Une décision sans appel…
La décision du Conseil d’Etat frise presque l’humiliation pour un ministre qui, gonflé de vanité, ne peut saisir la brèche que les fondateurs lui tendaient en sollicitant de sa part une solution à l’amiable. En effet, jugeant que « Considérant cependant qu’on ne saurait parler de voie de fait en l’espèce : […] » et « Considérant que la correspondance ici querellée, prise par méprise par le Ministre en charge de la Formation Professionnelle, ne saurait être assimilée à une voie de fait au sens où elle est entendue par jurisprudence » et que, sans aller à tous les « considérant » évoqués, il souligne également que « Considérant que, dans le cas d’espèce, il s’agit d’un acte pris par méprise, par une administration qui croit pouvoir détenir le pouvoir de le prendre légalement alors qu’elle s’est trompée de la forme de l’acte, objet de la contestation » et « Que dans ces conditions, il s’agit ici d’un acte administratif dont l’examen de la régularité relève exclusivement de la compétence du Conseil d’Etat », le conseil juge la requête au fond.
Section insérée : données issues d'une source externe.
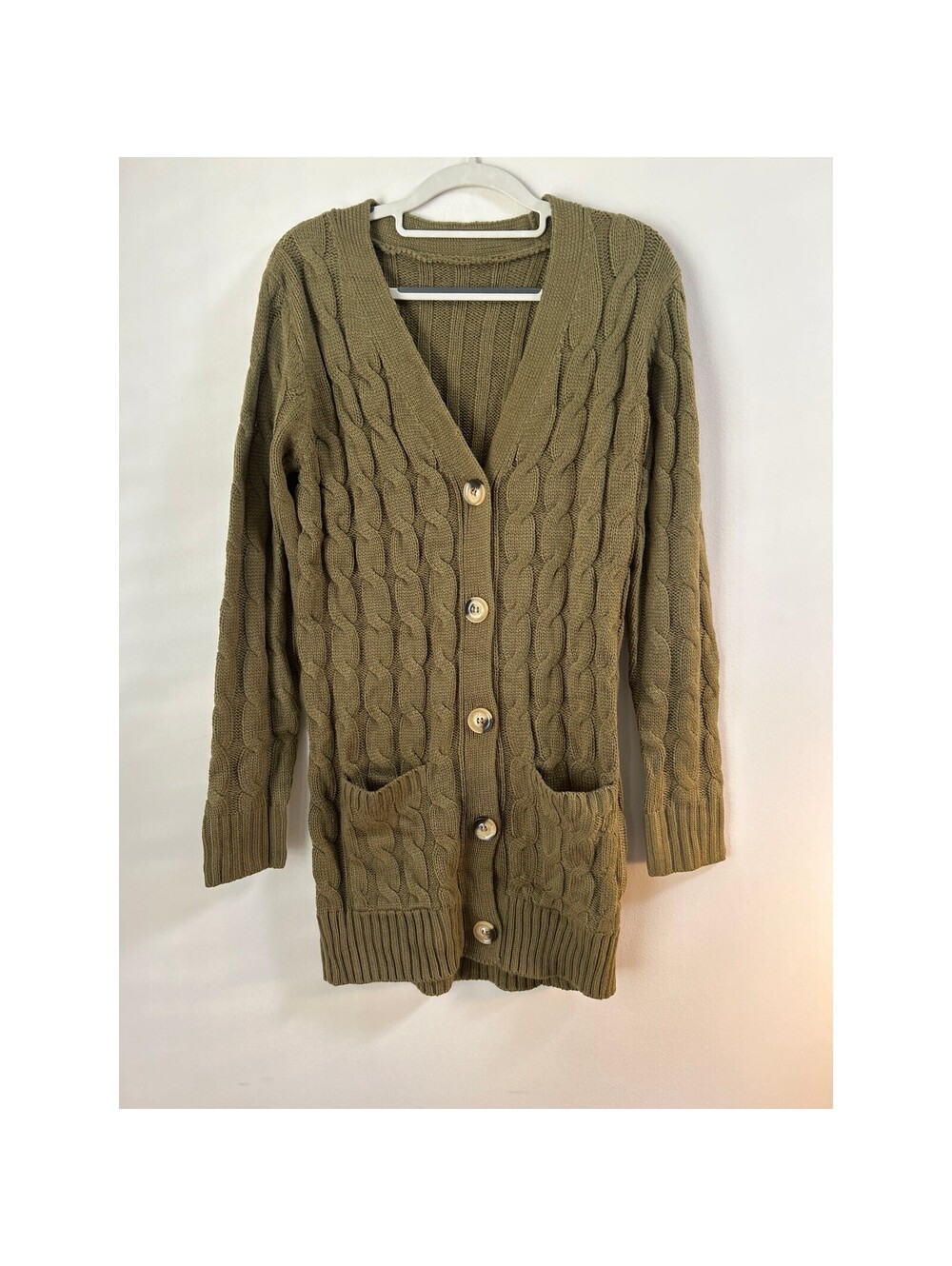 Womens S Olive Green Cable Knit Cardigan Sweater Button Front Longline Pockets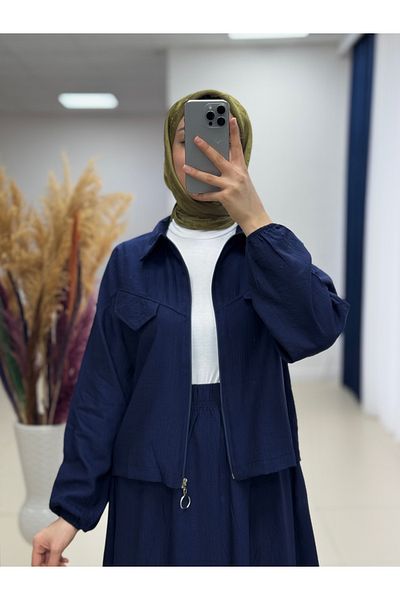 Ebrar Store Sofia Strawberry Zippered Skirted Pocket Suit-Na3390 Navy Blue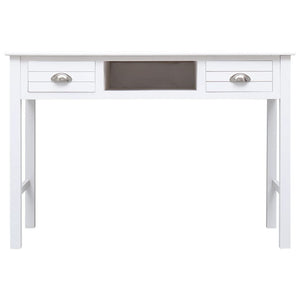 vidaXL Desk White Solid Paulownia wood and Solid Poplar wood Medium Desk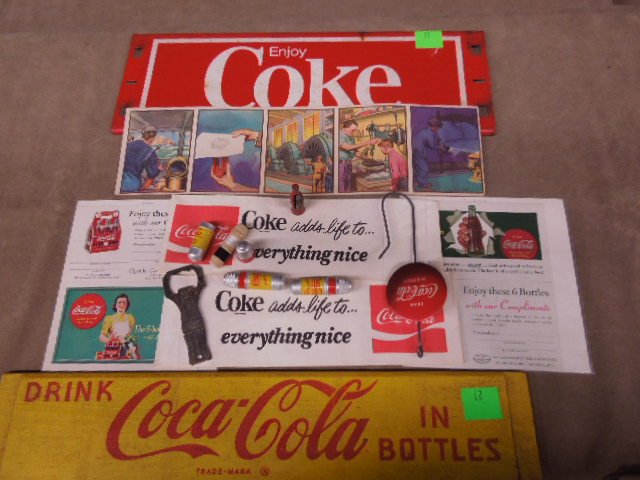 Assorted Coca-Cola items: Assorted Coca-Cola items including: 2- paper and soda jerk hats, 3- sewing kits, metal pencil sharpener, bottle opener, 2- mail in free soda cards, (button) hook, plus 2- 20 cards sets lumber and elec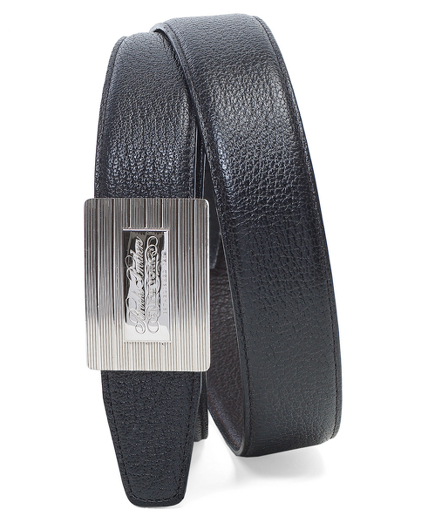 Buffalo leather reversible black to brown. Brooks Brothers engraved plaque buckle. 1 1/4" thick. Made in Italy.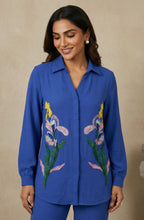 Royal Blue Embellished Floral Co-Ord Set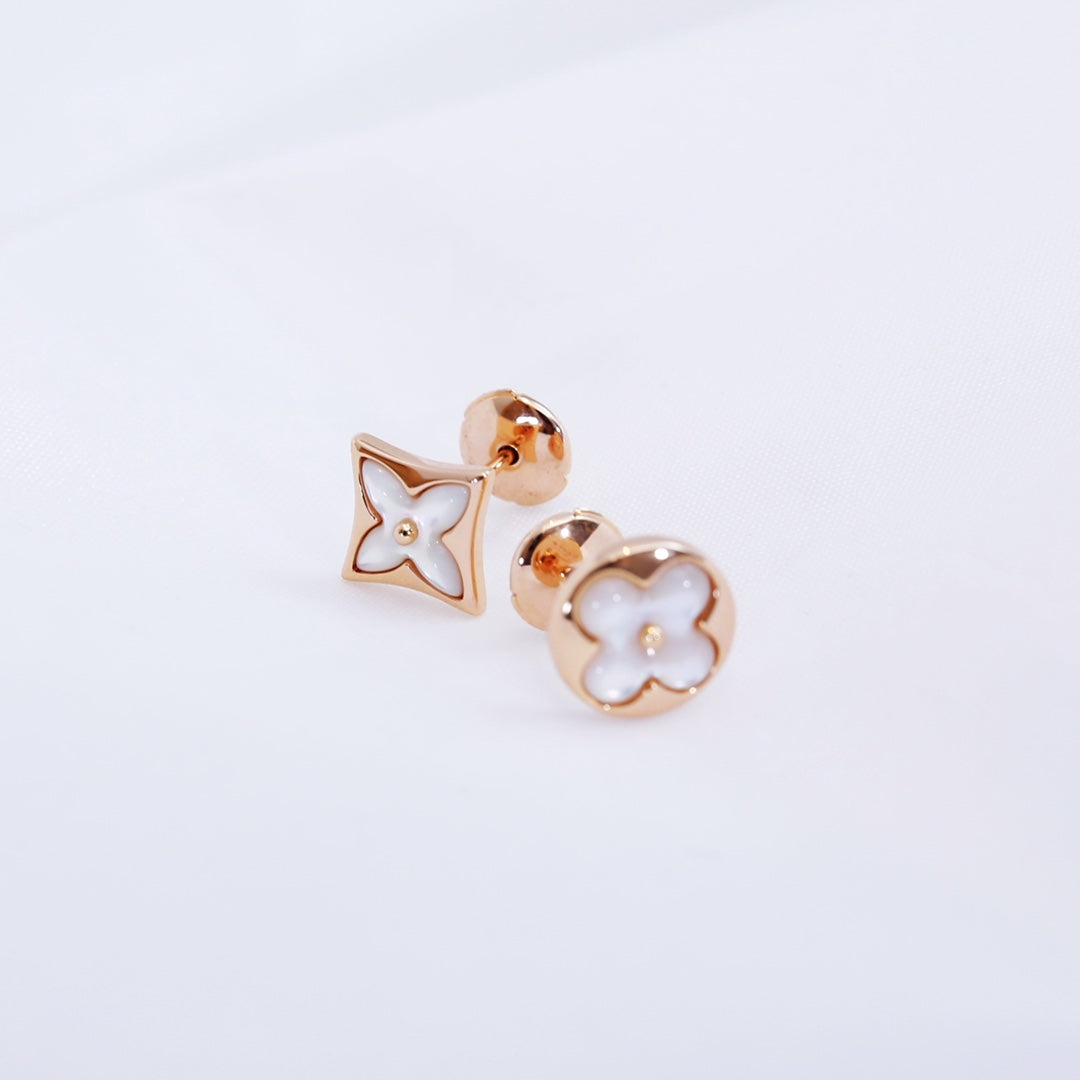 [⭐Hevara Jewelry]STAR AND SUN PINK GOLD MOP STUD EARRINGS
Le ministre peut-il ne pas avoir mesuré les conséquences que peut avoir une telle décision pour ne pas s’en soucier avant de se décider ? On comprend que le Conseil d’Etat, appréciant « […] qu’au soutien de la requête le sieur Akomili invoque l’urgence et péril en la demeure justifiant la suspension de la décision attaquée » et que « Considérant qu’au regard des investissements effectués par le requérant et l’arrêt de processus de formation des apprenants, l’urgence est caractérisée dans le cas d’espèce dans la mesure où la fermeture de l’établissement, si elle est maintenue, va inévitablement engendrer un préjudice difficilement réparable pour le requérant » et surtout que, en plus, « Considérant qu’il ressort ainsi que la décision attaquée est prise en violation de la loi et mérite de ce fait suspension ». Et la sentence est tombée sur le ministère de la santé comme un couperet de guillotine : le Conseil d’Etat, par la force de la loi « Dit que la requête est recevable » et arrête, en l’ « Article 2 [de l’arrêt rendu que] ladite décision est suspendue ». Cet arrêt, comme on le voit, par la similitude à tous les cas de fermeture d’instituts qui sont reconnus et ont une autorisation d’ouverture, la même sentence pourrait s’appliquer. Et ce d’autant plus que la décision du ministre de la Santé divise les ministères concernés par la gestion de ces établissements et parmi lesquels celui de la Santé, seul, fait preuve d’une inflexibilité que rien ne donne à comprendre quand, rappelons le, il ne peut pas reprocher aux écoles de ne pas avoir l’environnement pédagogique adéquat pour assurer des formations de qualité. N’est-ce pas d’ailleurs le ministère qui organise l’examen d’Etat de certification en santé à l’occasion duquel bien de ces écoles ont souvent donné les meilleurs résultats tant en pratique qu’en théorie sans que le « défaut de plateau technique » que relève le ministre dans des départements, n’affecte la qualité des apprentissages. D’ailleurs quelle loi peut, pertinemment défendre qu’une école, fût-elle de santé, ne puisse s’ouvrir dans un département ? L’alibi ne convainc personne ! Et le Juge a tranché !
Aidons nos entrepreneurs à se construire au lieu de cultiver ce défaitisme foncièrement nigérien par lequel des aigris souffriraient de voir un autre réussir.